Further to my thoughts regarding the transition to Electric Cars. In this post I am going to explore the thinking on is buying an Electric car actually a “Green” thing to do? You might think that is a “No brainer” of a question, but is it?
Build Carbon Foot Print
When you choose to build a product, no matter what that is, you will expend energy and resources in doing so. Currently our manufacturing industry is not “Green”. I mean it is trying to be but it still relies on Fossil fuels and other materials derived from fossil fuels to conduct its build role. It does not matter if this were an “Internal Combustion Engine (ICE)”, running on Petrol or Diesel, or Electric car (eCar) being built.

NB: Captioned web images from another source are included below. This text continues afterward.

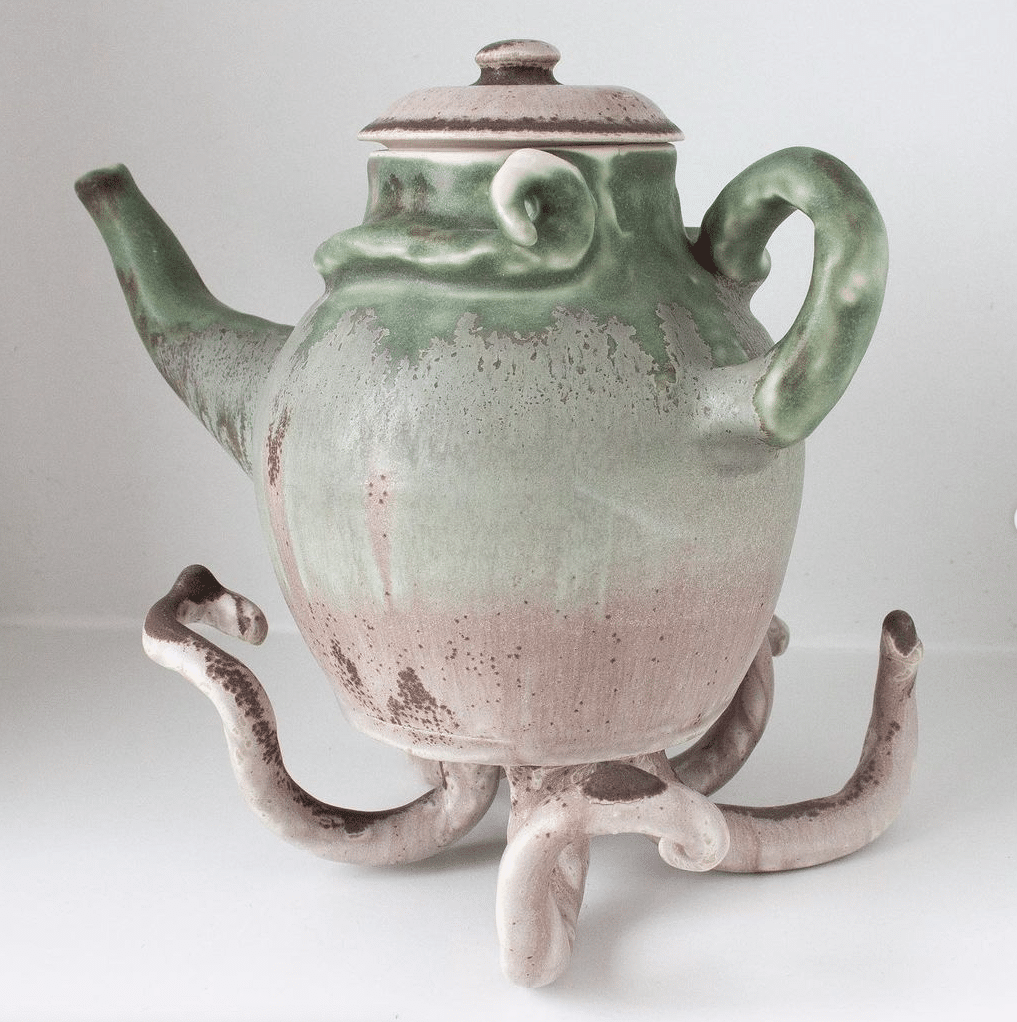 A porcelain teapot made by Rose Schmits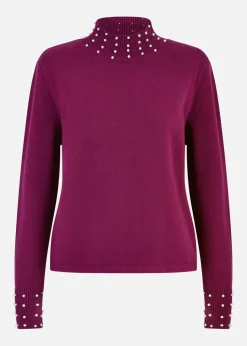 Mela Plum Pearl Detail High Neck Jumper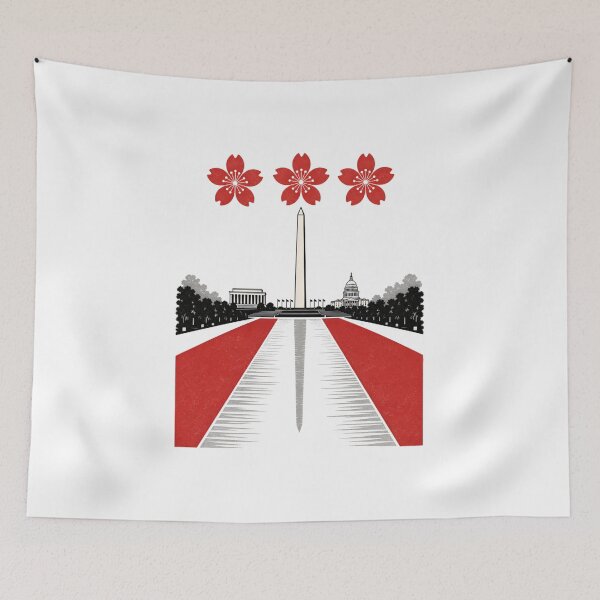 Item preview, Washington DC Flagscape – Three Cherry Blossoms designed and sold by Fenay Designs.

Car bodies are made out of Steel in most case. To produce steel requires a huge amount of energy, you can’t get away from that. Additionally, plastics are used a great deal, which are derived from oil products, taken out of the ground. While these do not ultimately add to atmospheric carbon themselves, they are derived from the production of mineral oils. These are likely to be the two main materials.
There are other materials in a car, many others, but in smaller quantities, and some of them nasty. Aluminium and Rubber will feature. Drilling down to the smaller raw material usage and we find such things as phosphorus, arsenic, boron, gallium, copper, gold, chromium, the list goes on.
For the ICE cars then the engine block is a significant material consumer, using either iron or aluminium. This alone uses great energy resource to manufacture.
For the eCar then there is no engine block. Happy days we think, but we must not forget the battery. This is the fundamental problem in that we cannot store electricity in its native form, which is a flow of electrons in a conductor. Actually there is a way, using a technology called “Superconducting magnetic energy storage” but the slight problem is the need to keep the device very cold, like below -200 degrees centigrade. It is heavy, expensive and highly destructive if it fails. Its not a solution for cars.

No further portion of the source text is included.